In high school you have probably learned that the core component of any modern computer is the Central Processing Unit (CPU). What they don’t teach you all that often is how a CPU actually works.
From a programmers perspective, the CPU has a set of very low-level instructions, such as
MOV for moving data from
one memory address to the other,
JMP to jump to a certain memory address and execute the code there, etc. This is
called an assembly language and it translates 1:1 to machine readable binary code. High level languages, like C, C++,
etc abstract this of course, and even higher level languages like Java have their own virtual machine (JVM) that
has have their own, high level assembly language. (So yes, you can build a CPU that executes Java byte code directly.)
However, if you look carefully, CPU assembly instructions can be very dangerous. A program could simply specify the memory address of another program and cause all sorts of havoc. A programmer writing code that is able to access all memory has to be extra careful not to mess up. Back in the MS-DOS days this was the only way programs could operate.
This was not a big problem in MS-DOS since it only ran one program in parallel (save for a few drivers, TSRs), but more modern systems needed some way to protect programs from each other. That’s why the then-modern 80286 CPU introduced and the 80386 expanded upon a feature called virtual memory. The CPU could now operate in multiple modes. A part of the operating system would run in the so-called ring 0 and had access to all memory space. This was also known as kernel mode. User programs on the other hand would run in the so-called user mode or ring 3.
Running in user mode meant that each program would have its own virtual memory space, which the CPU would then translate to a physical memory address, or if that chunk of memory was moved to a swap file, it would interrupt the program execution with a page fault and call a specific subroutine in the operating system to load that piece of memory.

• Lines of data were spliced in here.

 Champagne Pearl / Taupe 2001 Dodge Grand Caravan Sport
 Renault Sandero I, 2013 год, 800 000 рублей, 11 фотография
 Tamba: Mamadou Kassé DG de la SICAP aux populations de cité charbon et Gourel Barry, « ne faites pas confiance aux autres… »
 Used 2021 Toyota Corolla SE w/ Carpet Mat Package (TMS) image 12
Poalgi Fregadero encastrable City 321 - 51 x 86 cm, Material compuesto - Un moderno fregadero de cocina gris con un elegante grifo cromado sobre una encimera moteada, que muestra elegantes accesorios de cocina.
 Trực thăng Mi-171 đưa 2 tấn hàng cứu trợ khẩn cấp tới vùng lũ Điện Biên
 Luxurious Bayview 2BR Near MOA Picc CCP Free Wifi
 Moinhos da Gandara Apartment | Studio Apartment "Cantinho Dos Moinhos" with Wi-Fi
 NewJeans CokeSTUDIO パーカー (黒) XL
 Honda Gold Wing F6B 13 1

Similarly, if a program wanted to access, say, a file, it needed to talk to the operating system kernel to do that since
it no longer had direct access to the underlying hard drive. This was achieved using the
TRAP instruction. The
instruction, similar to a page fault, would interrupt the program execution and call an operating system subroutine to
achieve the functionality it desired.
The CPU has one more feature that is a more recent addition: hardware virtualization. Instead of the kernel intercepting requests to memory, modern CPUs can also assist virtualization. Requests to memory, IO, and other devices can be intercepted by the so-called hypervisor, allowing you to run multiple kernels in parallel.
The Linux boot process
When a machine boots, the first program being executed on the CPU is the BIOS program, or on more modern systems the UEFI program. This program is responsible for doing a low-level hardware check (such as detecting stuck keys) and then it looks at the hard drive to find the bootloader.

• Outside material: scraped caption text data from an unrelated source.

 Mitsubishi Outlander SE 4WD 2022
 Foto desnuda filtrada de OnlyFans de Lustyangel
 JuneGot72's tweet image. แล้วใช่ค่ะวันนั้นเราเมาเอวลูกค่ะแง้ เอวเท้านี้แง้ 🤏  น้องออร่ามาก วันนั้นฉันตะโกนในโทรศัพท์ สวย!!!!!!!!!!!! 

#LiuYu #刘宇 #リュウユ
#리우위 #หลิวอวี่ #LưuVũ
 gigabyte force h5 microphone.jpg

The bootloader is a little piece of code that is responsible for loading the operating system kernel itself, and it has its origins in how the BIOS worked.
On BIOS systems the boot loader was a very primitive program written into the so-called Master Boot Record of the drive. This consisted of a few magic bytes (telling the BIOS that there is a valid boot loader installed) and then 512 bytes of executable code. Since the MBR was only so large, the whole kernel could not fit in there and that’s one of the reasons why the boot loader had to be separated out.

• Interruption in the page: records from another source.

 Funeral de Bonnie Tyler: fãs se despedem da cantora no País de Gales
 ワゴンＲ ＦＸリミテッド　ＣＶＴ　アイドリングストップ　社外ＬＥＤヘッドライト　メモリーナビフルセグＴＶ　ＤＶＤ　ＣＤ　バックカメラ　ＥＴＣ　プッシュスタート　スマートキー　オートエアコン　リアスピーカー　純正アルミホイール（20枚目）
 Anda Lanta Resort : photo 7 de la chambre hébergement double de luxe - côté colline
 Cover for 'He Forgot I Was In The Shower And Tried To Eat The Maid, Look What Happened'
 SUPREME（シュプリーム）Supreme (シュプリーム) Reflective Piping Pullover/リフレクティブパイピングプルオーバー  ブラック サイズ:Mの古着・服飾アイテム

It is also worth mentioning that the BIOS had no concept of filesystems. It could really only read and execute a very specific address on the disk. Older boot loaders like LILO fit into this 512 byte constraint and the only thing they could do was, again, execute a tiny piece of code from a specified memory address. Similar to the BIOS, LILO did not have a concept of filesystems, so every time the Linux kernel was updated, LILO had to be updated as well.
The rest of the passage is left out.